Panama’s autonomous San Blas: Part two of a four-part tale

After a few days in Panama City indulging in resort life at the Westin Playa Bonita and exploring the nearby jungle and iconic canal with Gamboa Tours, our writer ventured away to discover another Panama, the archipelago of San Blas — a decidedly rustic getaway.

The stretch of nearly 400 islands is by no means General Manuel Noriega’s Panama, nor is it the glittery party scene of the Hard Rock Cafe Megapolis and its ilk. Rather, this unique pocket of paradise is the quintessential off-the-beaten track experience. It’s where one must surrender time and expectation, and accept simplicity and a lack of electricity (and often running water) under the ruling of the indigenous Guna people.

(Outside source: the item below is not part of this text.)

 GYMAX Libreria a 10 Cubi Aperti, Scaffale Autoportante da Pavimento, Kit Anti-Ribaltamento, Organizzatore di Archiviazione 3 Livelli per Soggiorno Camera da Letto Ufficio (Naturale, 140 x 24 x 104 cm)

This is the story of her journey to San Blas’s otherworldly Isla Diablo. Today, Part 2.

Read Part 1 here.


What are we getting ourselves into? An adventure beyond our control. At the border into the Guna Yala province, we are held at a standstill. The traffic jam is an hour deep thanks to a deliberately slow moving passport checkpoint replete with car search and various “invented” tariffs, according to our guide Judy Lam. Though she tells us the wait isn’t always this long, it doesn’t help our restlessness, and we get out of the car to shake our legs.

There are several outfits like Lam Tours, so each traveller will have a different experience, but the best way to deal with the uncertainty of new and improvised added fees and tariffs is to book a tour package ahead. Before paying and signing off, repeatedly ensure there are no hidden fees. Don’t forget to reserve extra cash for the option to dine on a local lobster dinner and for any tips along the way.

As of January 2015, the Guna charge US$50 a head for those passing from Panama. The sentiment behind the roadside check is that they are looking for drugs coming through the provincial border from Darien and, just beyond that, Colombia.